We all realize the cycle of nature. Those who allow their pigeons to 'free' fly are aware of the dangers they (the pigeons) face. We are also aware that at some point all our beloved pets are going to cross over the Rainbow Bridge.

When sharing a photo of one of our fine feathered friends that has moved on, whether it be a pet or feral, *please pay the utmost respect to that bird by posting a 'memorable' and 'dignified' photo. *

There is no valid reason to post a graphic photo. So please don't, it will be deleted.

Thank You.

Cindy


----------



## Skyeking

Also, IF you have a predator type bird, PLEASE do not post any pictures of its "kill" or anything graphic of nature of the birds prey here on this forum, it is NOT appropriate. This is a pigeon and bird friendly forum.

There is no purpose for displaying such pictures, except to upset members.

*The only GRAPHIC picture/s that should be displayed, should be of injured or sick pigeons or birds, who are in need of rehab and for the purpose of educating members who need assistance. Those pictures can be crucial to identify in helping establish the exact form of treatment and are usually asked to be displayed by expert rehab members, of the owner of such bird. THAT is the only exception.

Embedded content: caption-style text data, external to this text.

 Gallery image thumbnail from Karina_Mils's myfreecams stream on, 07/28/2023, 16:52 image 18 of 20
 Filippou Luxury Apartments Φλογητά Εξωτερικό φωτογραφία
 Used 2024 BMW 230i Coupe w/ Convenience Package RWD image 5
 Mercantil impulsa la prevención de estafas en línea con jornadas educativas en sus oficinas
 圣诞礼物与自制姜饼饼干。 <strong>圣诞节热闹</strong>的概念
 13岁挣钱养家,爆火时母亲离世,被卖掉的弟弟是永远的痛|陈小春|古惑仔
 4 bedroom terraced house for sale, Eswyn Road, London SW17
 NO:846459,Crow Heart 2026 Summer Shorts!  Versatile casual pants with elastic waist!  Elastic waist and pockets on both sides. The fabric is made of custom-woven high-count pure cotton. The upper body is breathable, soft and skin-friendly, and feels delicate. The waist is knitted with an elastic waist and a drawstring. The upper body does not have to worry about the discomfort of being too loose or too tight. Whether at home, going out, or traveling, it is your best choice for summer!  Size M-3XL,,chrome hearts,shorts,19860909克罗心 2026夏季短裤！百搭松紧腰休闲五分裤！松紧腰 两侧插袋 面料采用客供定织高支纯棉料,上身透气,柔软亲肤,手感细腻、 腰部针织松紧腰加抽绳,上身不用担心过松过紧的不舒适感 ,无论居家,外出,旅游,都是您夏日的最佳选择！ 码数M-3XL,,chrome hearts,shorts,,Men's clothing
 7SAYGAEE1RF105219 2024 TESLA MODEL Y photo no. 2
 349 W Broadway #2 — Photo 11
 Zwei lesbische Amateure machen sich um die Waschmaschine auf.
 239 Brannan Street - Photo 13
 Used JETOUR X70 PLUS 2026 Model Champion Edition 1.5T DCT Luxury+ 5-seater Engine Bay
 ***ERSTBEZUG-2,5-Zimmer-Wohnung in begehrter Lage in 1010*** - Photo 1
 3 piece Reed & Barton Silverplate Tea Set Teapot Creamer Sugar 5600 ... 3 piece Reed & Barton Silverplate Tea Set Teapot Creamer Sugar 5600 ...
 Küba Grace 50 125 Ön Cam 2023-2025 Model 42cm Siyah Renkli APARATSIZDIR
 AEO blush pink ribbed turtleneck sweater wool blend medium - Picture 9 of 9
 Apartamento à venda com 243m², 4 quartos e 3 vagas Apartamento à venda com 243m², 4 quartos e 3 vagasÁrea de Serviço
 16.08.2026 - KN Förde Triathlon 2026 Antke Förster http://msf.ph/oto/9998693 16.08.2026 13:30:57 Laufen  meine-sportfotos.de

*Please show good taste when posting pics.


----------



## Feefo

I have some graphic pictures in my reference album, the purpose is to help members who might have a pigeon with the same condition, but the album has a plain warning that the contents are gory. I hope that is OK. I can delete it if requires and move the photos to my webshots album.

Cynthia


----------



## Skyeking

cyro51 said:


> I have some graphic pictures in my reference album, the purpose is to help members who might have a pigeon with the same condition, but the album has a plain warning that the contents are gory. I hope that is OK. I can delete it if requires and move the photos to my webshots album.
> 
> Cynthia


ABSOLUTELY....for educating and the purpose of rehab, I think it is fine, especially if they are in your private album.


----------



## Whitefeather

cyro51 said:


> I have some graphic pictures in my reference album, the purpose is to help members who might have a pigeon with the same condition, but the album has a plain warning that the contents are gory.
> I hope that is OK. I can delete it if requires and move the photos to my webshots album.
> 
> Cynthia


Hi Cynthia,
The photos I was referring to were those of pigeons in their deceased state, which is completely unnecessary, IMO. 

Your photos are identifying a situation which can help those who may come across a similiar situation, thus helping the rescuer help the rescued. 

Cindy


----------